This is the second part of a two-part series. You’ll need to have done the work in part one where I expanded the RAM and make it a full 8-bit CPU before following this tutorial.

Parts List

To only update the hardware, you’ll need:

2x 74LS138 (Datasheet, Jameco) which are decoders used to expand the control lines. You can reuse one from the step counter if you don’t mind reading binary numbers vs. an LED for each step.
1x 74LS04 (Datasheet, Jameco) which is an inverter to help expand the control lines.
2x 74LS193 (Datasheet, Jameco) which is a 4-bit up/down counter used to create the stack pointer.
1x 74LS245 (Datasheet, Jameco) which is a bus transceiver. You may have a spare one if you did my previous build.
1x 74LS00 (Datasheet, Jameco) which is a NAND gate to control the stack pointer.
8x Green LED, 1x Yellow LED, 4x Blue LEDs, 13x 220 Ohm resistors to display the stack pointer (green), the stack address (yellow), and the additional control lines (blue).

If you want to update the toolchain, you’ll need:

Arduino Mega 2560 (Amazon) to create the programmer.
Ribbon Jumper Cables (Amazon) to connect the Arduino to the breadboard.
TL866 II Plus EEPROM Programmer (Amazon) to program the ROM.

Bonus Clock Improvement: One additional thing I did is replace the 74LS04 inverter in Ben’s clock circuit with a 74LS14 inverting Schmitt trigger (datasheet, Jameco). The pinouts are identical! Just drop it in, wire the existing lines, and then run the clock output through it twice (since it’s inverting) to get a squeaky clean clock signal. Useful if you want to go even faster with the CPU.

Step 1: Program with an Arduino and Assembler

Create a physical port where your Arduino Mega 2560 can plug into.

There’s a certain delight in the physical programming of a computer with switches. This is how Bill Gates and Paul Allen famously programmed the Altair 8800 and started Microsoft. But at some point, the hardware becomes limited by how effectively you can input the software. After upgrading the RAM, I quickly felt constrained by how long it took to program everything.

You can continue to program the computer physically if you want and even after upgrading that option is still available, so this step is optional. There’s probably many ways to approach the programming, but this way felt simple and in the spirit of the build. We’ll use an Arduino Mega 2560, like the one in Ben’s 6502 build, to program the RAM. We’ll start with a homemade assembler then switch to something more robust.

Preparing the Physical Interface

The first thing to do is prepare the CPU to be programmed by the Arduino. We already did the hard work on this in the RAM upgrade tutorial by using the bus to write to the RAM and disconnecting the control ROM while in program mode.
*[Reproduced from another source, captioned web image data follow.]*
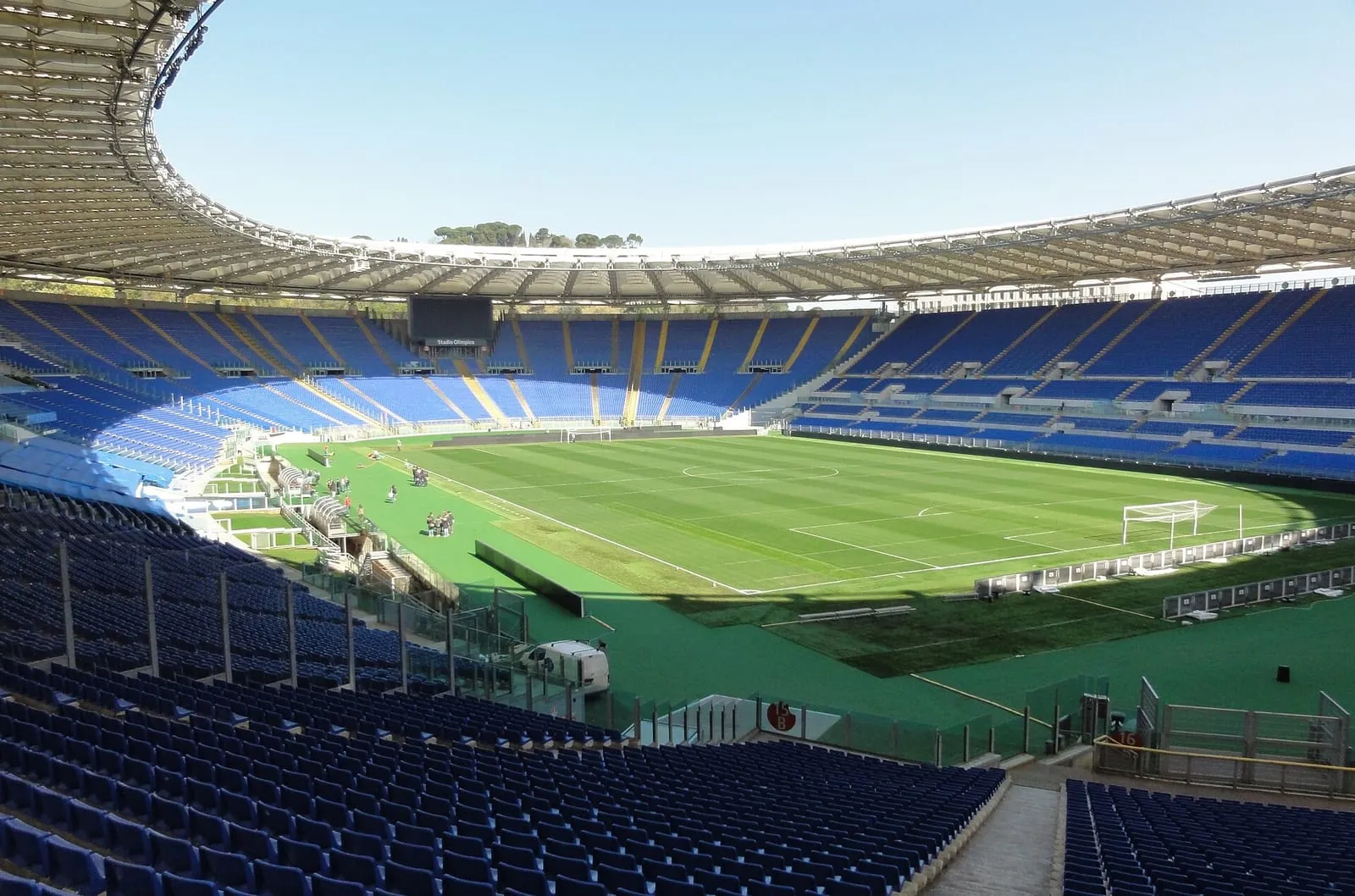 Les tribunes et la pelouse du Stadio Olimpico de Rome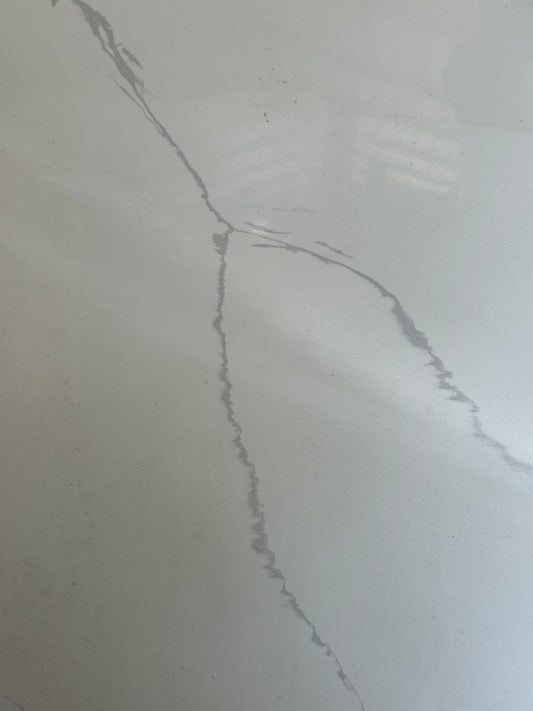 3CM Calacatta Ultra - Quartz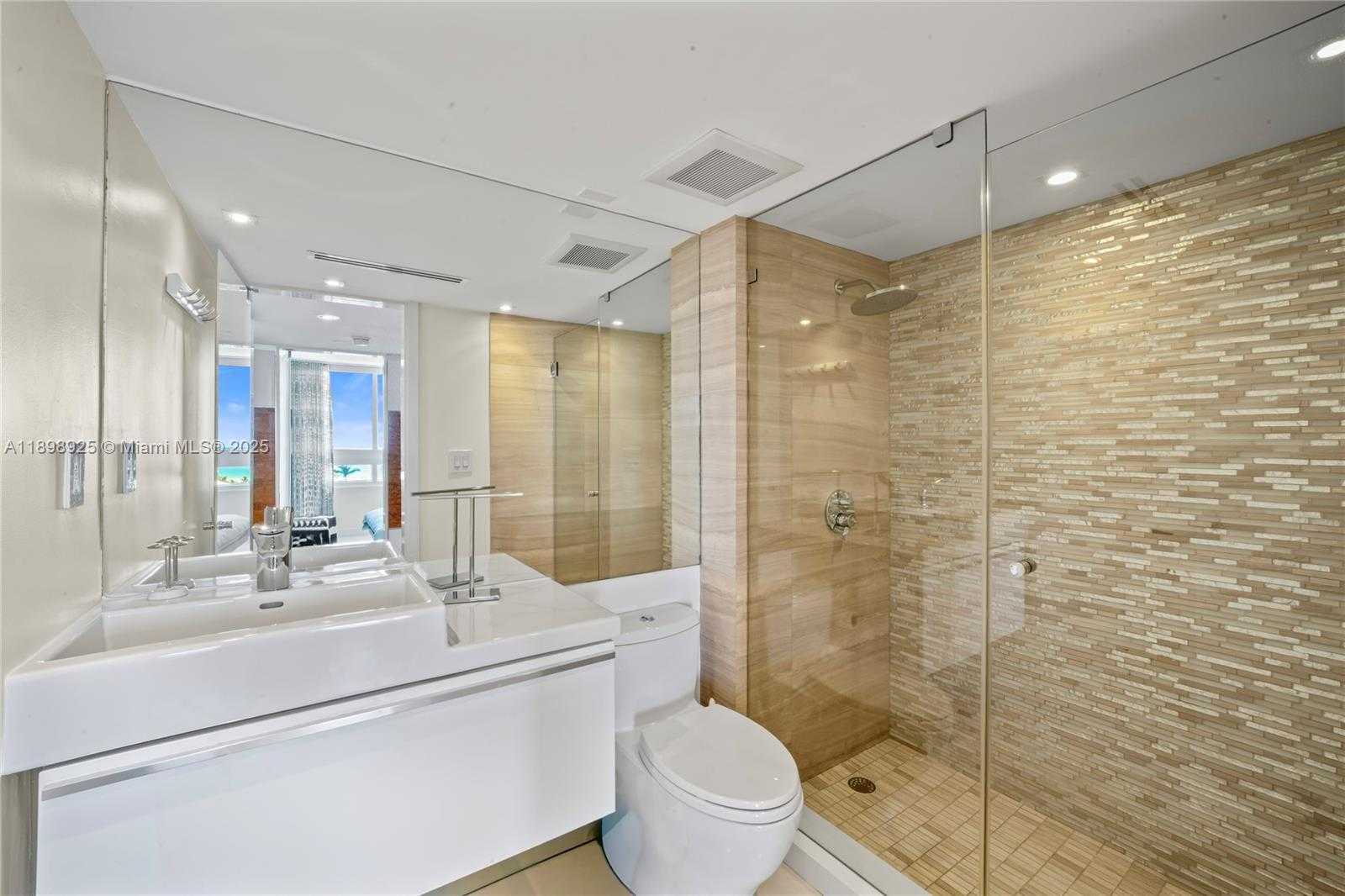 Small Image of 400 SOUTH POINTE DR #910, Miami Beach Number 27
Now we just need to route the appropriate lines to a convenient spot on the board to plug the Arduino into.

This is optional, but I rewired all the DIP switches to have ground on one side, rather than alternating sides like Ben’s build. This just makes it easier to route wires.
Wire the 8 address lines from the DIP switch, connecting the side opposite to ground (the one going to the chips) to a convenient point on the board. I put them on the far left, next to the address LEDs and above the write button circuit.
Wire the 8 data lines from the DIP switch, connecting the side opposite to ground (the one going to the chips) directly below the address lines. Make sure they’re separated by the gutter so they’re not connected.
Wire a line from the write button to your input area. You want to connect the side of the button that’s not connected to ground (the one going to the chip).

So now you have one convenient spot with 8 address lines, 8 data lines, and a write line. If you want to get fancy, you can wire them into some kind of connector, but I found that ribbon jumper cables work nicely and keep things tidy.

The way we’ll program the RAM is to enter program mode and set all the DIP switches to the high position (e.g., 11111111). Since the switches are upside-down, this means they’ll all be disconnected and not driving to ground. The address and write lines will simply be floating and the data lines will be weakly pulled up by 1k resistors. Either way, the Arduino can now drive the signals going into the chips using its outputs.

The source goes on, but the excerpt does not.